* **The task**:
Your answer should contain only the lines from the top of the data below down through the one with "ZingBox Lichterketten Batterie, 1m", transcribed exactly and without pictures; please include nothing more.

* **Data section**:
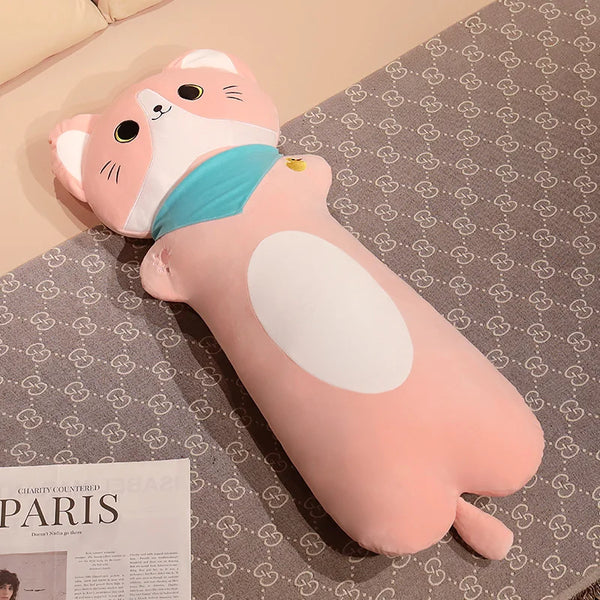 Cat Long Pillow Stuffed Soft Cartoon Animal Bolster Plushie Sleeping Leg Support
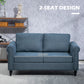 Vintage Loveseat, Upholstered Love Seat Furniture, Fabric 2 Seater Sofa with Rolled Arms, Rubber Wood Legs, Dark Blue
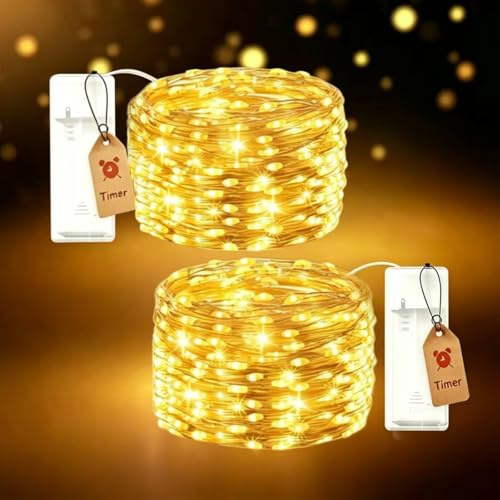ZingBox Lichterketten Batterie, 1m 10LEDs Innen Lichterketten mit Timer | Klein Mini Innen Lichterkette für Weihnachten, Schlafzimmer, Party, Hochzeit, DIY Deko (2 Stück, Warmweiß)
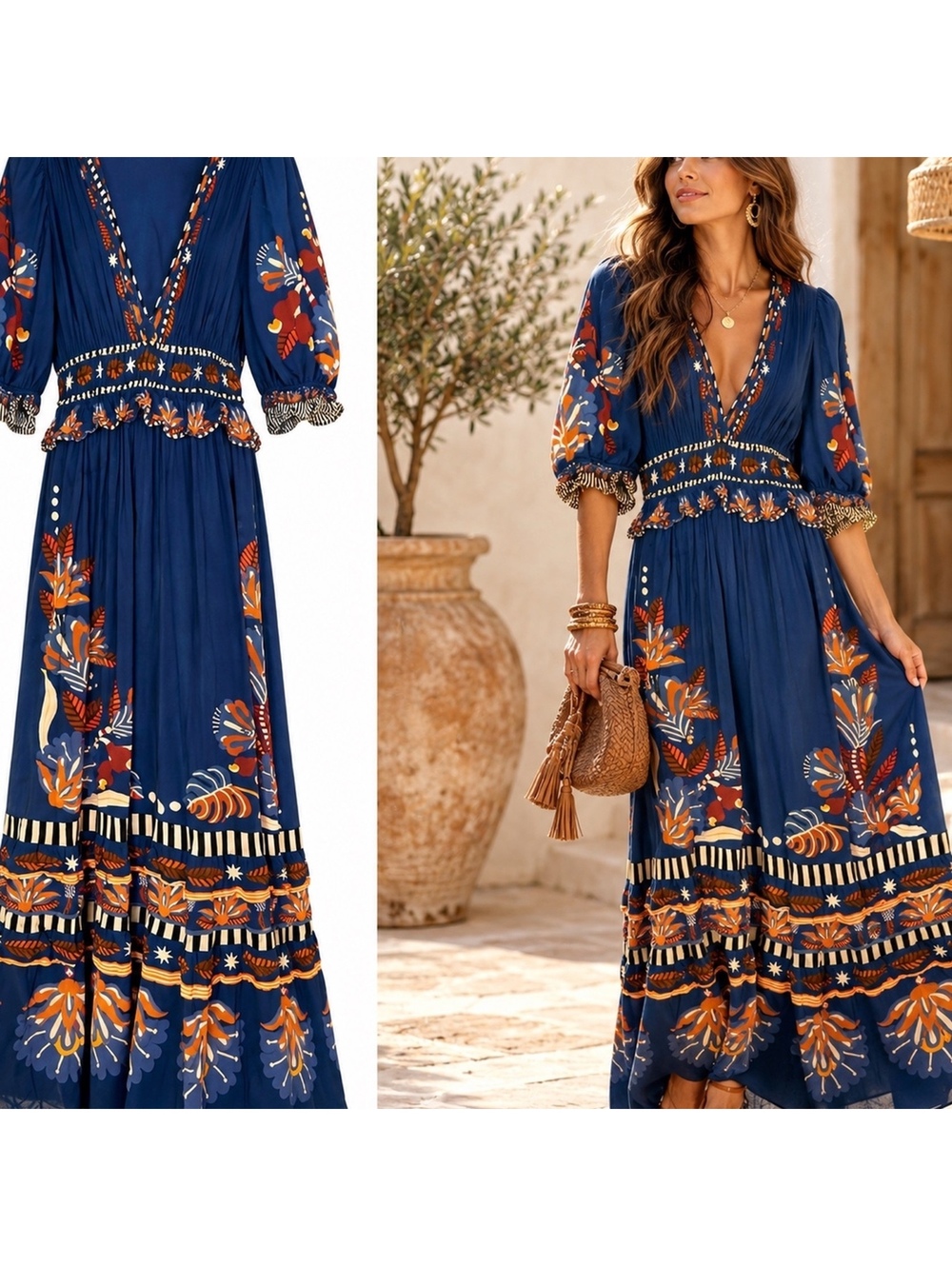 FARM Rio Navy Floral Border Print Boho Maxi Dress M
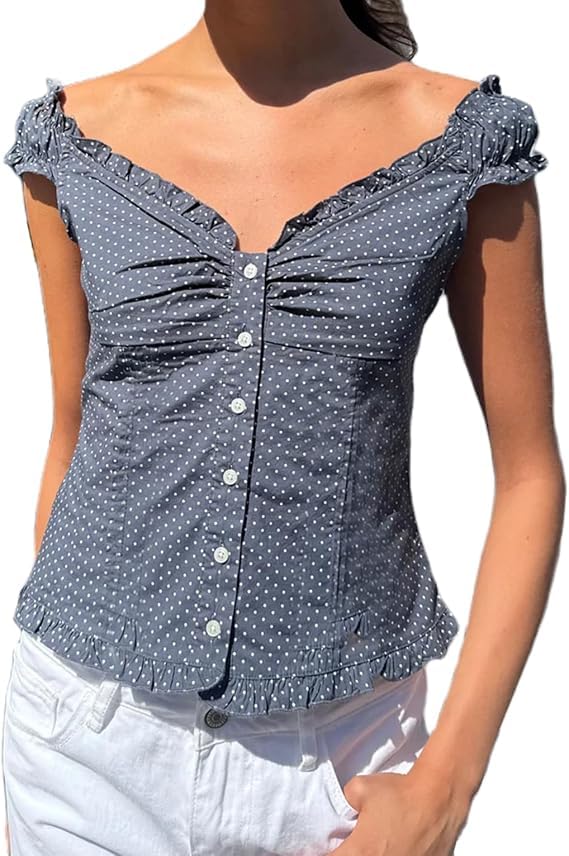 Image of Fairy Grunge Y2k Shirts Vintage Crop Tops Short Sleeve Girls Slim Fit Tees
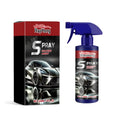 Silver spray bottle of Auto Refresh car polish coating on a microfibre cloth next to a gleaming car bonnet.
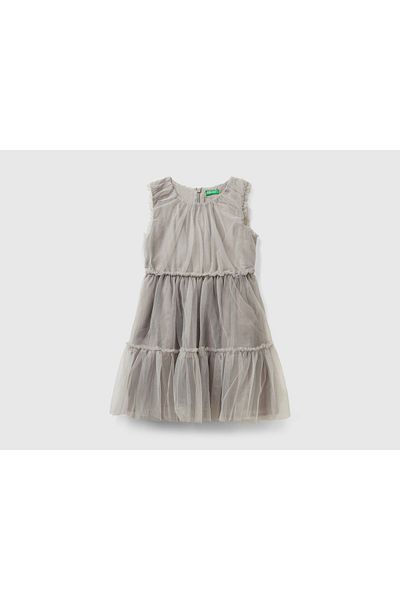 United Colors of Benetton Girls' Sleeveless Tulle Dress with Lining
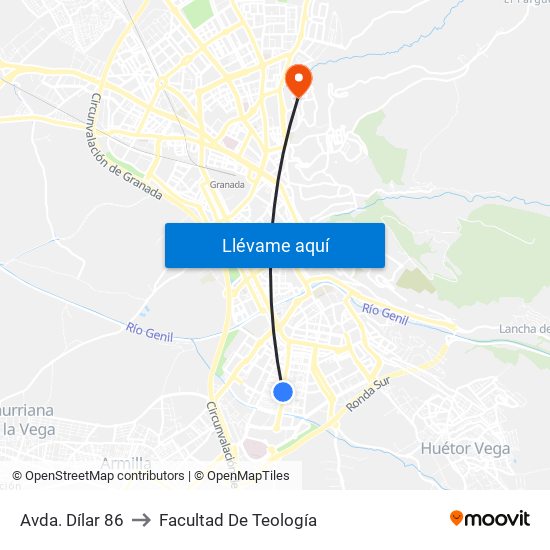 Avda. Dílar 86 to Facultad De Teología map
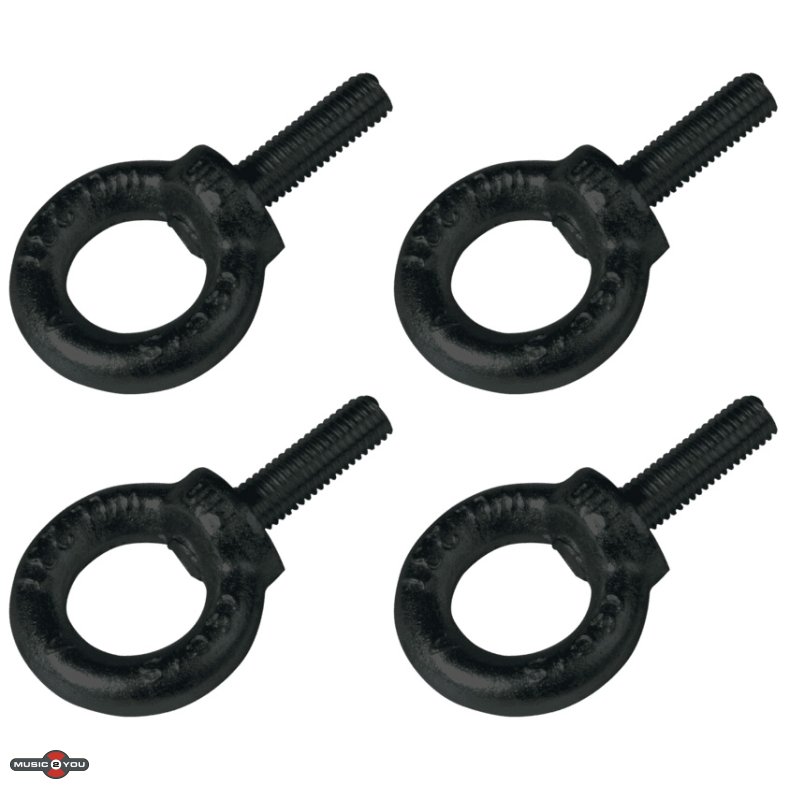 Caymon jebolt / Ringbolt M10 x 35mm, 18,5mm - WLL 230 kg - Sort - 4 Pack
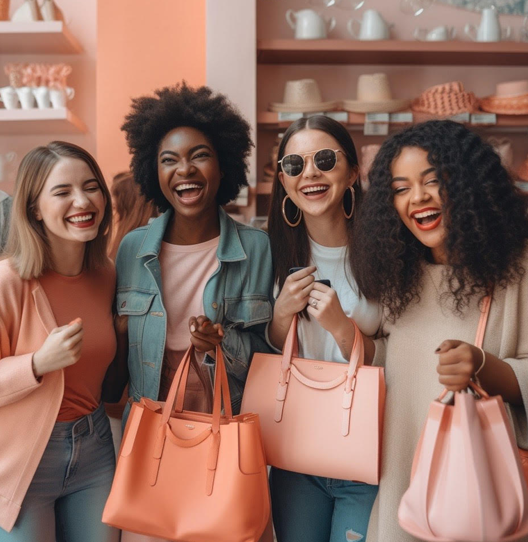 picture of ladies holding handbags and smiling
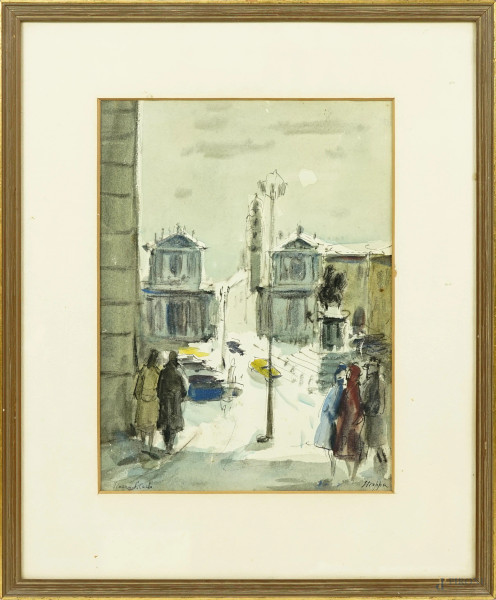 Leonardo  Stroppa - Piazza San Carlo, acquerello su carta, misure comprese passepartout cm 47,5x38, entro cornice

* **Result below**:
 Cat Long Pillow Stuffed Soft Cartoon Animal Bolster Plushie Sleeping Leg Support
 Vintage Loveseat, Upholstered Love Seat Furniture, Fabric 2 Seater Sofa with Rolled Arms, Rubber Wood Legs, Dark Blue
ZingBox Lichterketten Batterie, 1m 10LEDs Innen Lichterketten mit Timer | Klein Mini Innen Lichterkette für Weihnachten, Schlafzimmer, Party, Hochzeit, DIY Deko (2 Stück, Warmweiß)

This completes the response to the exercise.